Les vieux médias s’accaparent la majeure partie du gâteau, en particulier la distribution. Chaque année plus de la moitié des crédits sont consacrés à la diffusion des journaux papiers puisque les aides à la diffusion (gérées par le ministère de la Culture) représentent en 2013 308 millions d’euros, auquel il faut ajouter l’aide au transport postal d’un montant de 152 millions d’euros, soit un total de 460 millions d’euros.
En face, les aides à la modernisation se montent à 74,8 millions d’euros seulement.
On ne saurait mieux résumer les choix conservateurs qui a été fait par les gouvernements successifs et par la profession elle-même, qui peut encore être illustré par le fait que la presse papier bénéficie du super taux réduit de TVA (2,1%) tandis que les sites pure players doivent toujours supporter le taux de 19,6%
4. La sélection 2013 du prix des Assises du Journalisme
La 7e édition des Assises Internationales du Journalisme et de l’information va se tenir les 5, 6 et 7 novembre 2013 à Metz (Moselle). À cette occasion sera remis – comme chaque année – le prix des Assises. Le jury est présidé cette année par Patrick de Saint-Exupéry, co-fondateur et directeur éditorial de la revue XXI.

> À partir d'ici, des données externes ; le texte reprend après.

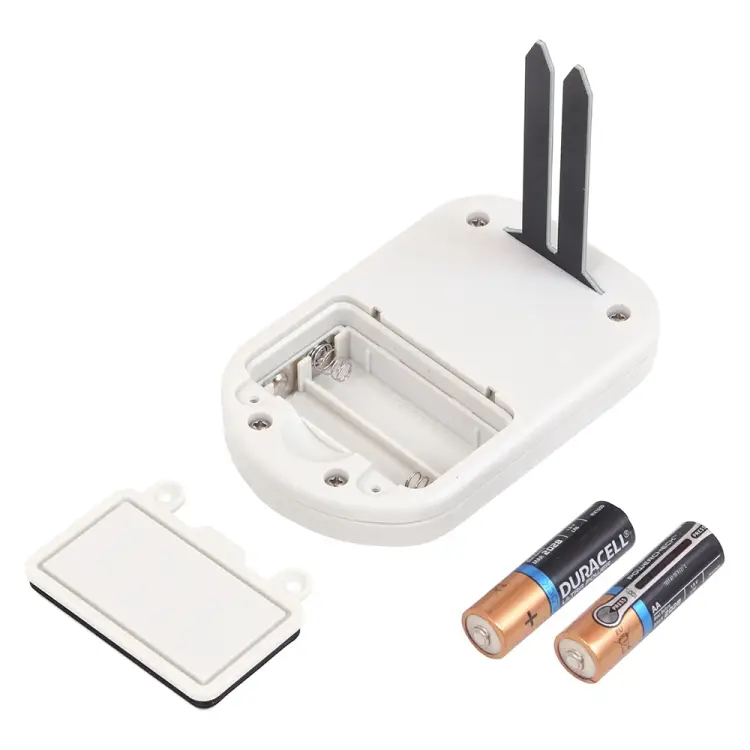 Датчик влажности Жук 4630035339057 Датчик влажности Жук 4630035339057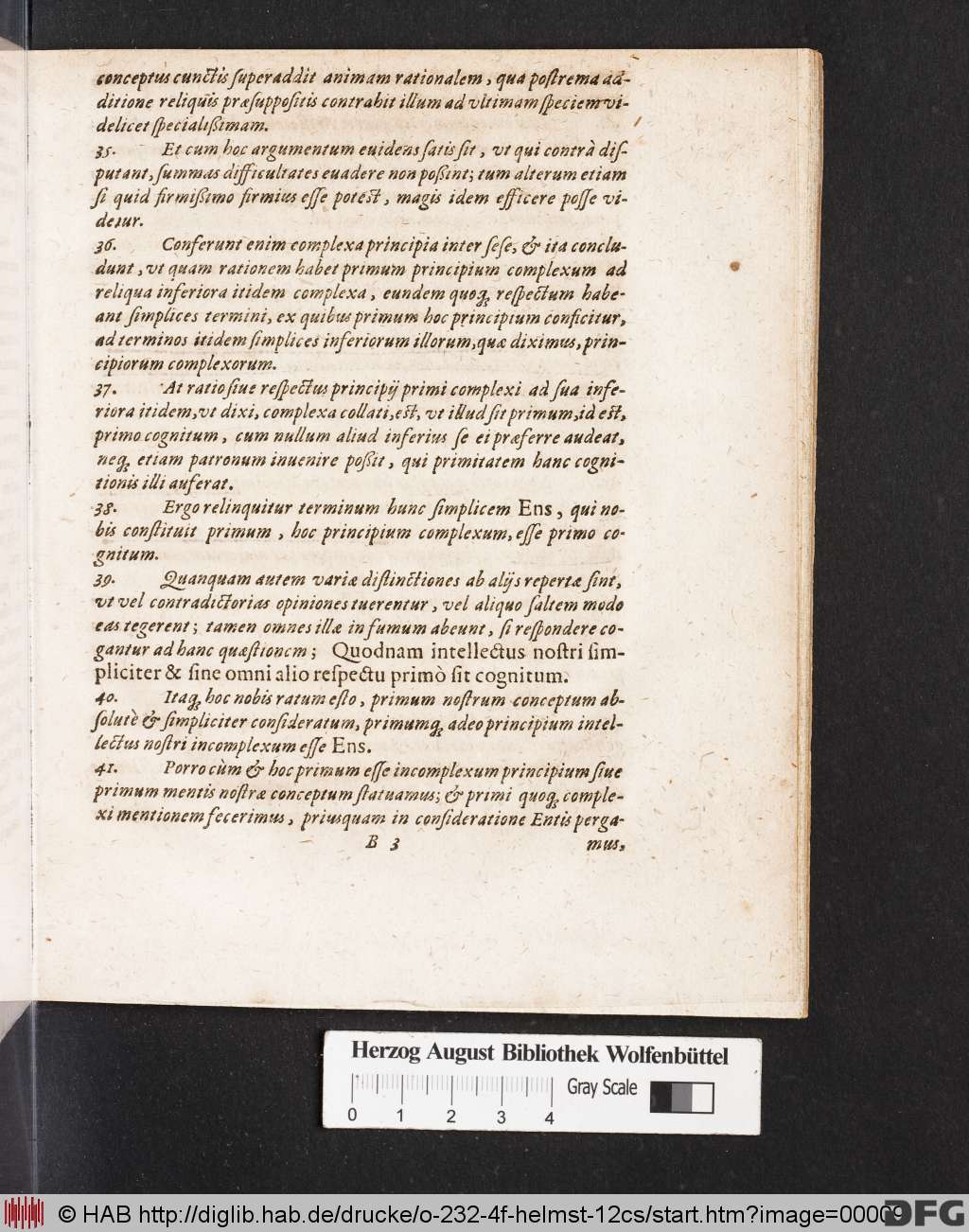 http://diglib.hab.de/drucke/o-232-4f-helmst-12cs/00009.jpg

Le jury [dont je fais partie] est composé pour moitié de journalistes et pour moitié d’universtaires. Les délibérations sont communes mais deux catégories sont distinguées : le prix journalisme « est attribué à un ouvrage de réflexion, de témoignage ou d’enquête sur le journalisme et sa pratique », tandis que le prix « universitaire » récompense « une publication de recherche sur le journalisme ».
Voici pour cette année la sélection soumise aux membres du jury.
Catégorie Journalisme
- Daniel Cornu, Tous connectés ! Internet et les nouvelles frontières de l’info, Labor et Fides, coll. Le champ éthique, Genève, Suisse, mai 2013, 220 pages, 19€
- Anthony Feinstein, Reporter de guerre, Altipresse, Levallois-Perret (92300), février 2013, 243 pages, 24,35€ [Il s’agit de la traduction de Journalists Under Fire, Johns Hopkins University Press, Maryland, États-Unis, 2006]
- Janet Malcolm, Le Journaliste et l’assassin, François Bourin Éditeur, Paris, mai 2013, 217 pages, 20€ [Il s’agit de la traduction de The Journalist and the Murderer, Knopf, New York, États-Unis, 1990]
- Lucas Menget, Lettres de Bagdad, Éditions Thierry Marchaisse, Vincennes, France, août 2013, 138 pages, 14,90€
- Edwy Plenel, Le Droit de Savoir, Don Quichotte éditions, coll. Non Fiction, Paris, mars 2013, 173 pages, 14€
Catégorie Recherche
- Guillaume Garcia, La Cause des « Sans ». Sans-papiers, sans-logis, sans-emploi à l’épreuve des médias, Presses Universitaires de Rennes, coll. Res Publica, Rennes, France, janvier 2013, 18€
- Emmanuelle Gatien, Prétendre à l’excellence : Prix Albert Londres, prix journalistiques et transformations du journalisme, Fondation Varenne, Clermont-Ferrand, France, février 2013, 438 pages, 45€
- Nicolas Kaciaf, Les Pages « Politique ». Histoire du journalisme politique dans la presse française (1945-2006), Presses Universitaires de Rennes, coll. Res Publica, juin 2013, 360 pages, 20€
- Olivier Pilmis, L’intermittence au travail. Une sociologie des marchés de la pige et de l’art dramatique. Economica, coll. Études sociologiques, Paris, 208 pages, 26€ [Dans un précédent post, Le Pigiste, un journaliste pas ordinaire, j’avais rendu compte de ce livre – Précision cela ne préjuge absolument pas de mon vote lors du prix, n’ayant pas à l’époque lu les autres ouvrages et ignorant que le livre de O. Pilmis serait sélectionné]
- Adeline Wrona, Face au portrait. De Sainte-Beuve à Facebook, Hermann, coll. Cultures Numériques, Paris, 2012, 441 pages, 34€
Pour mémoire en 2012, le jury avait attribué le prix « journalisme » à David Dufresne, pour son enquête Tarnac, magasin général. Le prix « universitaire » avait été attribué au chercheur Denis Ruellan pour Nous, journalistes. Déontologie et identité ainsi qu’à l’ouvrage collectif La Civilisation du Journal.